Summary: | In recent years there has been a dramatic increase in the number of
children migrating to the United States without a parent. In Fiscal Year
2014 alone, U.S. immigration authorities apprehended and detained almost
70,000 unaccompanied children, compared to less than 9,000 in 2010. This
rapid rise has been fueled primarily by children arriving from Central
America, one of the world’s most violent regions. The available literature
on unaccompanied children in the United States suggests that they are a
vulnerable and underserved population, who are at risk for repeated
exposure to extreme psychosocial adversities at every stage of their
migration and frequently face many of these challenges alone. However, to
date there has been little formal study of their mental health needs.
The aim of this exploratory study was to obtain initial data regarding the
psychosocial context, mental health presentation, and mental health service
utilization of unaccompanied children released to guardians in the
community pending immigration hearings to determine their eligibility to
remain in the United States. The study employed a mixed methodology
combining qualitative and quantitative data. The sample comprised 26
unaccompanied
children and their guardians residing in the New York City metro area,
interviewed between September 2013 and December 2014.

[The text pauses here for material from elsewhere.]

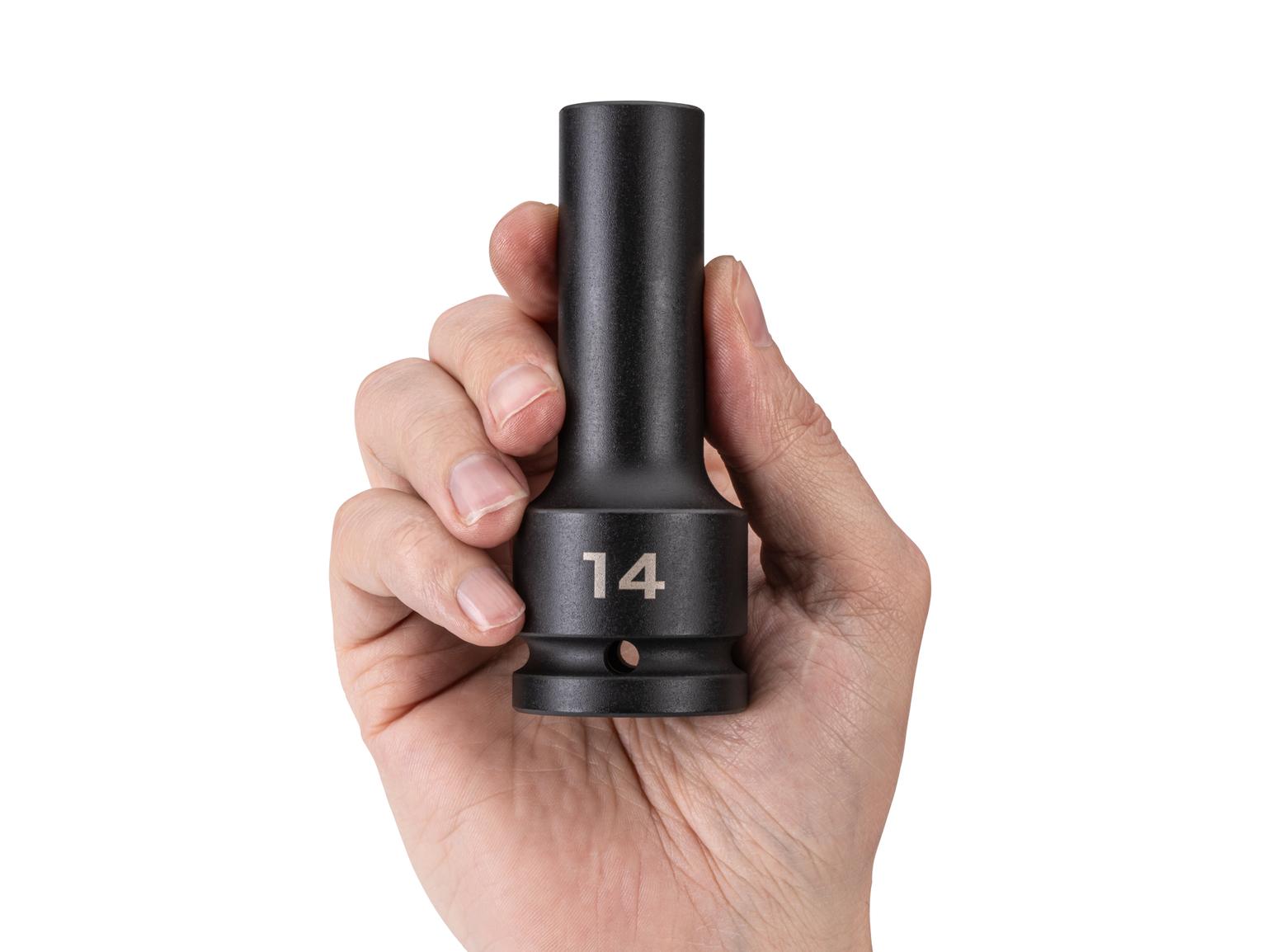 Person holding Tekton impact drive 6-point socket. Item #SID33114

Results showed that children in our sample had complex reasons for
migration, frequently combining push factors such as fleeing gang violence
and pull factors such as a desire for reunification with parents in the
United States after long separations. Most had been exposed repeatedly to
extreme psychosocial stressors prior to and during their migration,
including almost two-thirds who had witnessed violence, serious injury, or
death and over one-third who had witnessed domestic abuse or had been
physically abused themselves. However, children also described benefitting
from an array of supports that protected against stressors and promoted
their wellbeing, and in their narratives they emphasized overcoming
adversity rather than victimization.
On a structured mental health diagnostic interview, the majority of
children met criteria for one or more past-year anxiety and depressive
disorders. Few received diagnoses for behavioral problems. Compared against
these data, child-report measures screened more effectively for
internalizing disorder diagnoses and guardian-report measures screened more
effectively for externalizing disorder diagnoses. Despite the high rates of
diagnosable disorders in the sample, most children appeared to be
functioning well in family, social, and educational domains. No children
were receiving formal mental health services at the time of their study
interview, although several were being monitored by school counselors.

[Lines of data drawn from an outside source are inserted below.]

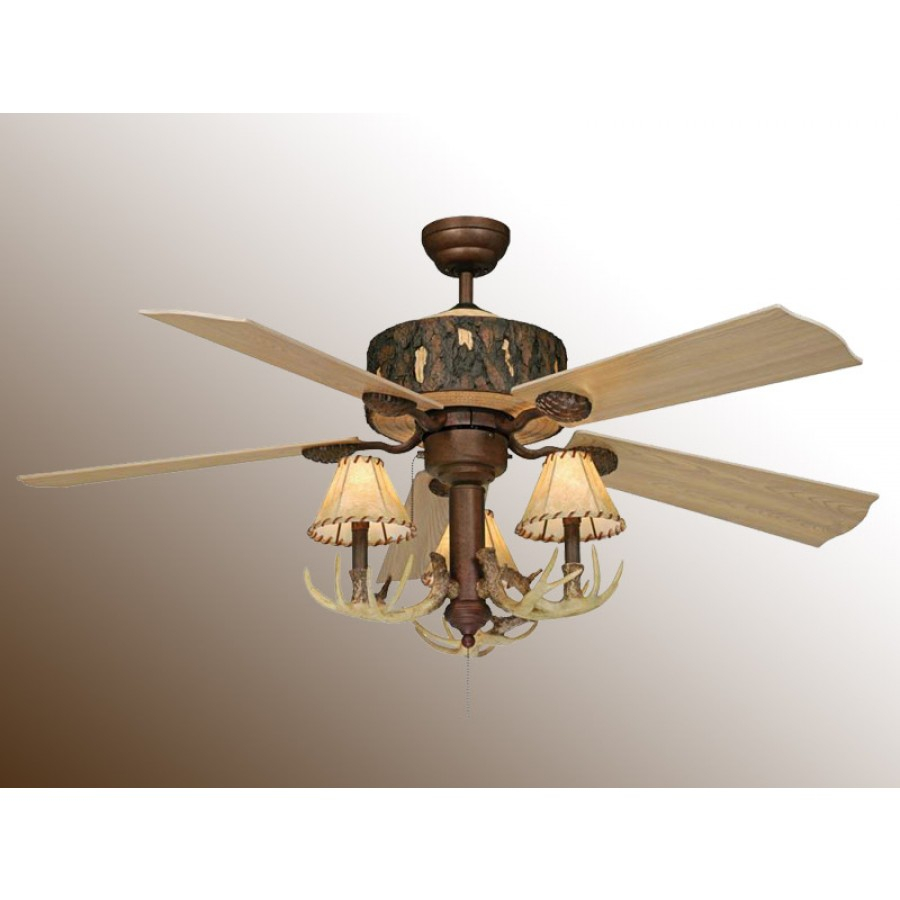 Log Cabin Ceiling Fan With Antler Light with sizing 900 X 900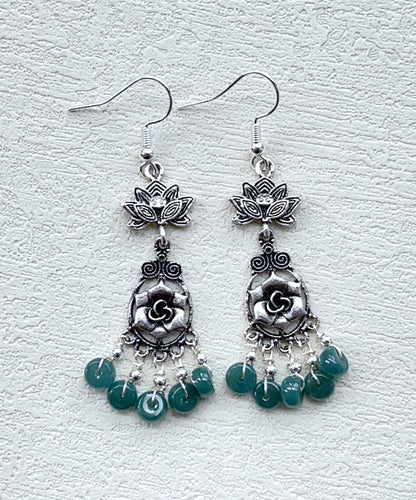 Jade Tassel Patchwork Silver Drop Earrings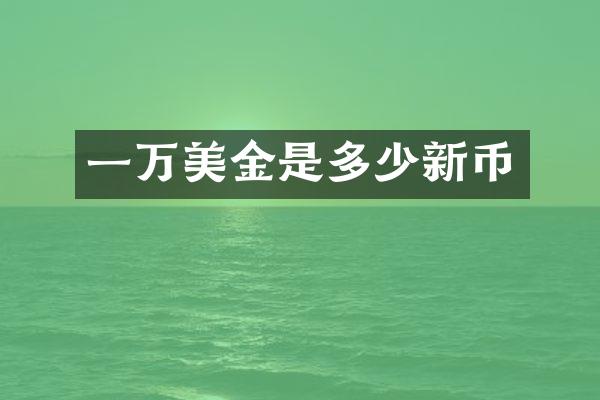 一万美金是多少新币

Children presenting with mental health concerns were provided with
referrals to mental health treatment services and contacted for a brief
telephone follow-up interview three months later. At follow-up, a number of
children had received counseling. Availability of school counselors and
referral to therapists in the community through pediatricians were the
primary facilitators of service access. Lack of knowledge of available,
Spanish-speaking services and cost of treatment were common obstacles to
seeking treatment. Some children and their guardians did not perceive a
need for services, and most of these children appeared to be functioning
well at follow-up.
This study was designed to be largely descriptive and to provide data to
inform future, theory-driven research. In the discussion section, social
ecological models of risk and resilience and Hobfoll’s Conservation of
Resources theory are presented as potential paradigms for understanding
unaccompanied children’s migration processes, with stressors and supportive
factors interacting across systemic levels and over time to determine
children’s access to resources and their mental health, functioning, and
wellbeing. Finally, the implications of the study’s findings for future
research, psychosocial intervention, and rights-based advocacy with
unaccompanied children are considered.